The upper bird is God, the Lord of universe; and the lower bird is human soul (mind and Pranan), eating the sweet and bitter fruits of this world. The human soul knows that it is weak and small and tells all sorts of lies. It says it is a woman or it is a man. It says it will do good or do bad; it will go to heaven and will do a hundred sorts of things. In delirium it talks and works, and the central idea of its delirium is that it is weak. Thus it suffers because it thinks it is nobody. It is a created little being. It is a slave. It is governed by some god or gods, and so is unhappy. Now and then comes heavy blow to the soul. For a time, it stops the eating and goes towards unknown God, and a flood of light comes. It thinks that this world is a vain show. But again senses drag it down, and it begins as before to eat the sweet and bitter fruits of the world.

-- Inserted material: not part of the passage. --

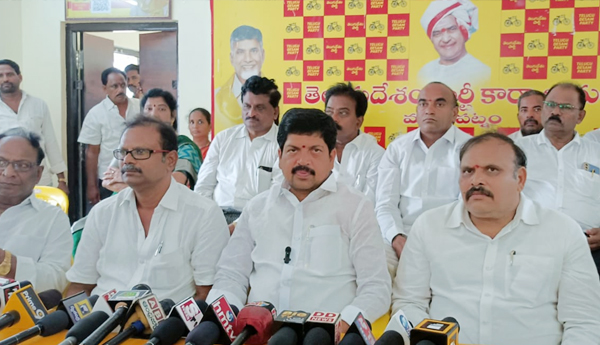 tdp-dkollu-ravindra-on-ycp-govt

Again an exceptionally hard blow comes. Its heart becomes open again to divine light. Thus gradually it approaches God, and as it gets nearer and nearer, it finds its old self melting away. It finds that its individuality – it’s low, vulgar, intensely, selfish individuality –is melting away. When it has comes near enough, it sees that it is no other than God, and it exclaims, “Why, it has my own glory that I called God, and this little ‘I’, this misery, was all hallucination, it never existed. I was never a woman, never a man, never any of these things.”Then the soul gives up all sorrow.

The lower bird was but the reflection of the one above. So we are in reality one with God, but the reflection makes us seem many, as when the one sun reflects in a million dew-drops and seems a million tiny suns. The reflection must vanish if we are to identify ourselves with our real nature which is divine. The universe itself can never be the limit of our satisfaction. That is why the robber robs, the sinner sins that are why you are learning philosophy. All have one purpose. There is no other purpose in life, save to reach this freedom. Consciously or unconsciously we are all striving for perfection. Every being must attain it. That which is in every atom, everywhere present, the essence of all things, the God of this universe-know that thou art He, know that thou art free. This is what Vedaantham teaches. It tells us that we are essentially divine. It shows us the real unity of beings, and that each one of us is God Himself manifested on earth. All of us, from the lowest worm that crawls under our feet to the highest beings to whom we look up with wonder and awe- all are manifestations of the same Lord. Like the lower bird which found that it was the upper bird all the time, we too, if we persevere in our efforts, will find that we are the Self all the time and the rest was but a dream. To separate ourselves utterly from matter and all belief in its reality is TRUE KNOWLEDGE. We must always keep in mind ‘OM THE ONLY REAL EXISTENCE’. This is the “CORNER STONE” of Vedaantham. Param alone is true, all else is false and I am The God. Only by telling this to ourselves until we make it part of our very being, can we rise beyond all duality, beyond both good and evil, pleasure and pain, joy and sorrow, and know ourselves as the ONE, ETERNAL, UNCHANGING, INFINITE – THE ONE WITHOUT SECOND.